Database lecture 5 - 3 April 2015

Physical database design

Physical database is how the data in database are stored on a disk. Normally, database abstract the file out but we need to know the actual structure in order to optimize it.

Storage level

Several records in a database (called logical record -- LR) can be stored in a file (called a physical record -- PR). The logical records may not be from the same table to store in the same physical record.

You access one logical record at a time, which DBMS will access it from one physical record at a time. The physical record is cached in the memory of DBMS. If you try to access a record not loaded to memory, DBMS and OS will locate and read it to memory. The application doesn't need to explicitly request for this.

Benchmark

Response time of database is hard to benchmark, so we measure resource usage such as physical record transfer, CPU and memory usage, network usage instead. To increase the response time we can minimize the memory and disk usage, reducing physical record access time and CPU usage. Joining table is one way that consume lot of resources.

Database design decision

To optimize, we need some data such as

  • Table profile: Summary of a table, their column and their relationships.
  • Table: number of row and physical record (DBMS can generate this)
  • Application profile
  • Query: what queries are used, their frequency
  • Form: frequency of select/insert/delete operation

File structure

  • Sequential files
  • Simple
  • Used in the past
  • Data are stored in a file
  • Unordered (ordered by insertion time) or ordered by key
  • Fast insertion: just append it
  • Slow deletion: physical record must be reorganized
  • Fast sequential search, slow key search
  • Ordered sequential file
  • On insert, reorganize the physical record by key
  • Slow insertion
  • Lookup by key or sequential lookup is fast
  • Hash file
  • Fast access by unique key
  • Map key to physical record address by hashing it (mostly by using mod)
  • Good hash function should distribute data evenly
  • If physical record for a hash value is full, a new file is created and linked to old one (like HashMap)
  • One problem is the data may be too full in one file, and other files are empty so it would be slow to access most data, so data file sometimes need reorganization
  • Slow sequential search
  • BTree
  • Popular, supported by most DBMS
  • Balanced tree so all leaf nodes can be accessed by O(height) equally.
  • Bushy: a node has large number of edges
  • We want a tree that has low height, so the tree must be bushy
  • Each node in a tree is a physical record. It contains key and a pointer to physical record of the data. A node is filled to a half (d keys, d+1 pointers) and up to full (2d key, 2d+1 pointers)
  • The tree dynamically changes when physical record are inserted/deleted.
  • Good performance on both sequential and key search
  • You should practice tree balancing (see slide)
  • Cost of insertion: Cost of finding nearest key + cost of changing node (or adding new level)
  • Logarithmic search cost
  • B+Tree
  • Improved sequential and range search performance
  • All keys are stored redundantly in leaf nodes
  • Similar algorithm to BTree, but data is not deleted from leaf nodes, only copied to parent nodes.

Index matching

When we know what kind of queries we'll going to use we can also determine its index. It can be unique or non-unique index.

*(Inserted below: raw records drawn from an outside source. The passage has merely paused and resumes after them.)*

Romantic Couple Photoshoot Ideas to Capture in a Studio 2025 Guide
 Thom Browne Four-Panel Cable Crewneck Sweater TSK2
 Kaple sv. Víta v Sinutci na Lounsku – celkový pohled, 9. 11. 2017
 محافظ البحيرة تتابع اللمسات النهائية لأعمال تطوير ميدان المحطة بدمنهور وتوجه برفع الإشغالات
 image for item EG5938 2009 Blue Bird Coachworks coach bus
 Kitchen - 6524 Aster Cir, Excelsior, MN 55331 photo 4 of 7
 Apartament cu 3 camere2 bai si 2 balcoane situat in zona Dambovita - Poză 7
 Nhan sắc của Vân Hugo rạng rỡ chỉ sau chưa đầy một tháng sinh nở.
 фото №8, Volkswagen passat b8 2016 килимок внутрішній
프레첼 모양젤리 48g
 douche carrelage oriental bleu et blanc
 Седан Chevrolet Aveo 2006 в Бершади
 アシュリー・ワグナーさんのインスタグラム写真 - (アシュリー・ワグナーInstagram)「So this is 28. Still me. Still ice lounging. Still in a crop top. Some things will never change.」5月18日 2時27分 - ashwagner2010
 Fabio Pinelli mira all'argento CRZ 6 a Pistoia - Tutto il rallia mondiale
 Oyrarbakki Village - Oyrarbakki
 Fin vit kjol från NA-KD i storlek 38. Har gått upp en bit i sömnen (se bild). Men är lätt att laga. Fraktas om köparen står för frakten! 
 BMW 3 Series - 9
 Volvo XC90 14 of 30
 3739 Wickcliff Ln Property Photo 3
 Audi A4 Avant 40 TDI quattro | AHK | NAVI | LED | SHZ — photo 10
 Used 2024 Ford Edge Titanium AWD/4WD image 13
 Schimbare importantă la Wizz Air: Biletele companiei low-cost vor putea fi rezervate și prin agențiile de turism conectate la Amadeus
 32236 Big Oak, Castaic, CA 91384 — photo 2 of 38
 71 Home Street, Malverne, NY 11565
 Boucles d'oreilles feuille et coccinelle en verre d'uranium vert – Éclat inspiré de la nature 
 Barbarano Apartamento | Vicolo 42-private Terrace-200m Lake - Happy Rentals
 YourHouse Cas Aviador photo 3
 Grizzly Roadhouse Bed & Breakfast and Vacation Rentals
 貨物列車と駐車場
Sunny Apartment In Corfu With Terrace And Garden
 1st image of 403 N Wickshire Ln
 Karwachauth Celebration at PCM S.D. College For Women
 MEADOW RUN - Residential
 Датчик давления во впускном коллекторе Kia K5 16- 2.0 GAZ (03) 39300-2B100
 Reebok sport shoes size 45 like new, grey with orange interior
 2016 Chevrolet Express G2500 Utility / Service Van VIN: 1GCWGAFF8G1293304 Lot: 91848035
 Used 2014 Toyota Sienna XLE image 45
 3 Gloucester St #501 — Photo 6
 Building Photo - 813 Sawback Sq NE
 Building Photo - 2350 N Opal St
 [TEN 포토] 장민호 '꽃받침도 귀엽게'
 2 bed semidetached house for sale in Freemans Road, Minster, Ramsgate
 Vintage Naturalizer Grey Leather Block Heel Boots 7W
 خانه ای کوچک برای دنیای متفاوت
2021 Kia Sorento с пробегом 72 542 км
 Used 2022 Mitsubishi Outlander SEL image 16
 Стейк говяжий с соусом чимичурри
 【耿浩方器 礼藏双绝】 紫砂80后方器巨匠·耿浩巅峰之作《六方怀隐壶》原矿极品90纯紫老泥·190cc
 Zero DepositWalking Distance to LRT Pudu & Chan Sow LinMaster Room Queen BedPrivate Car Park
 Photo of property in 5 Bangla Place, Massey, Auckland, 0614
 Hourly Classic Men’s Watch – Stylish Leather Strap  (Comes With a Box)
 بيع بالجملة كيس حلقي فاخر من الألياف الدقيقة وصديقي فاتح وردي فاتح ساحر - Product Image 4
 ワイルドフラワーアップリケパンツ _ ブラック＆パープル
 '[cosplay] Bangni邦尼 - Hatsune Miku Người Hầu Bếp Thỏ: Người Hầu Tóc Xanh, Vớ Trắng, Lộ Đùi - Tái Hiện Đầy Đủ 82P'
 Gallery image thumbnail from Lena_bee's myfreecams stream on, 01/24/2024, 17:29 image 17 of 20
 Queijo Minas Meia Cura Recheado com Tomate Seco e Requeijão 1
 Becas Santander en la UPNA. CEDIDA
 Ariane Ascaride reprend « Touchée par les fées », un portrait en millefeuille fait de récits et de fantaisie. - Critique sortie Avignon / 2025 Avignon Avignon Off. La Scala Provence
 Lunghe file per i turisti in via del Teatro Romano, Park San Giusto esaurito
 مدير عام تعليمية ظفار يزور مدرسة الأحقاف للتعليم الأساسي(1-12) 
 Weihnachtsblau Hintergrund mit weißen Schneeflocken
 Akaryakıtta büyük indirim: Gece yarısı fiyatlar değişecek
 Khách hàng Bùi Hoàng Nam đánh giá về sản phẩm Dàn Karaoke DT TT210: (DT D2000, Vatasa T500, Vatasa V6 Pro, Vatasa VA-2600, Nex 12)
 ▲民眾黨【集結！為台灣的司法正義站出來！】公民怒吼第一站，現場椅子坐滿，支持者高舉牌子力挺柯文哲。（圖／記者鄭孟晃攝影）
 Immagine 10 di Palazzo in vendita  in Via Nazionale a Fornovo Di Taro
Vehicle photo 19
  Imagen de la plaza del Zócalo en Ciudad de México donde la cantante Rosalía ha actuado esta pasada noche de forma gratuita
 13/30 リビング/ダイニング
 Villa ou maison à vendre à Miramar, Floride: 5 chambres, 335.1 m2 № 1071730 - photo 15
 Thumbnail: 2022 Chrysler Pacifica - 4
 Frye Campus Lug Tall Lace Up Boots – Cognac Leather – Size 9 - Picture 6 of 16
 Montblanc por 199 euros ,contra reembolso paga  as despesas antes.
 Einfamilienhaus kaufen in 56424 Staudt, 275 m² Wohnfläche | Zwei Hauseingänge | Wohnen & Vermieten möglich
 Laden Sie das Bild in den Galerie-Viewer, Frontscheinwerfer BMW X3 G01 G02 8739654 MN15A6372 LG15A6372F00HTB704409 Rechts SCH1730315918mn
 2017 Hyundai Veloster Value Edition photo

For example, if we select by department a lot, we might add index for department column.

Bitmap index

Bitmap is a table of possible values, and if an key contains that value, the bit for that will be true.

It is useful for non-unique column with few values

Bitmap join index

A special type of bitmap that optimize for joining. It is more suitable for data in data warehouse (data that are never changed) as if a data is inserted the entire bitmap needs to be updated.

Query optimization

Another way to increase performance is to write better queries. Some DBMS may optimize queries automatically. The DBMS also plan how to search physical records of it automatically.

Access plan

Access plan is a plan for accessing physical record and joining algorithm (sort before/after join, etc). DBMS will generate several plans and automatically choose the best one for you. You also can explictly send access plan to the DBMS.

Adding index

Adding correct type of index can help increase performance

  • Clustering index: data are stored sequentially
  • Nonclustering index: data are stored non-sequentially

Denormalization

Sometimes too much normalization can also slow data. It is useful in data warehouse.

Raid

Optimizing physical record to align with RAID can be useful

Other

  • Data warehouse: store data in summarized form
  • Parallel computing